(Source records)

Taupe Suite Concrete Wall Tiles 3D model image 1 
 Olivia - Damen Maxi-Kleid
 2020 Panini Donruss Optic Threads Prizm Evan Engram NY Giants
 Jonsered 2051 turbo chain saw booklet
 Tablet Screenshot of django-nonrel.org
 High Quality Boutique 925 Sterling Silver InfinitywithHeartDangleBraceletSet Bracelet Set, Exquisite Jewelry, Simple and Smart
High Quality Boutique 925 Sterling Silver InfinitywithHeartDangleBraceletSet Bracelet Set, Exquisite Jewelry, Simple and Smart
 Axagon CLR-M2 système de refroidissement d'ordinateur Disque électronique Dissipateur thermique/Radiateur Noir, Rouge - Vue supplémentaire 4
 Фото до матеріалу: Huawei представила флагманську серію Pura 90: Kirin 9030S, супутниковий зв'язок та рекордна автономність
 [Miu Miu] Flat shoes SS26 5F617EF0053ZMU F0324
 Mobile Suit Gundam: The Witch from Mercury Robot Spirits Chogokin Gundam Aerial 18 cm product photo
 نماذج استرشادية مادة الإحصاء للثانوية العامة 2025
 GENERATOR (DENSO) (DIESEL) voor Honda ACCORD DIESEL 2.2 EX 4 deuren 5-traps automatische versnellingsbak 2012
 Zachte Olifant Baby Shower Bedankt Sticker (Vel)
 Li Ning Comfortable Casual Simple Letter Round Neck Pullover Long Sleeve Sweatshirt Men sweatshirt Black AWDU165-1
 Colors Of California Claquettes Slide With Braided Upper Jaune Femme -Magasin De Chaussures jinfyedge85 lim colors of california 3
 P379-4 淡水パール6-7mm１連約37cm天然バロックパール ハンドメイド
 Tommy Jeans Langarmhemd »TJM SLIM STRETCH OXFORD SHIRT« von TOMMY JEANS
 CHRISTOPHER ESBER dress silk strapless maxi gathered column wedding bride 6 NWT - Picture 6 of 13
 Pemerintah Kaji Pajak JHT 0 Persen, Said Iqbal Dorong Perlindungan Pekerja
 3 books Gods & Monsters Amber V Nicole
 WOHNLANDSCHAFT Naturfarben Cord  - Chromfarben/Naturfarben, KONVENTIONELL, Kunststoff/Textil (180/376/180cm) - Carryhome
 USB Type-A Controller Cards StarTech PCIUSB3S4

• [ASSIGNMENT]: The lines above, starting at the one with "[Miu Miu] Flat" and ending at the one with "GENERATOR (DENSO) (DIESEL)", are the only ones to return, exactly as written.

• [OUTPUT FOR THIS EXERCISE]:
 [Miu Miu] Flat shoes SS26 5F617EF0053ZMU F0324
 Mobile Suit Gundam: The Witch from Mercury Robot Spirits Chogokin Gundam Aerial 18 cm product photo
 نماذج استرشادية مادة الإحصاء للثانوية العامة 2025
 GENERATOR (DENSO) (DIESEL) voor Honda ACCORD DIESEL 2.2 EX 4 deuren 5-traps automatische versnellingsbak 2012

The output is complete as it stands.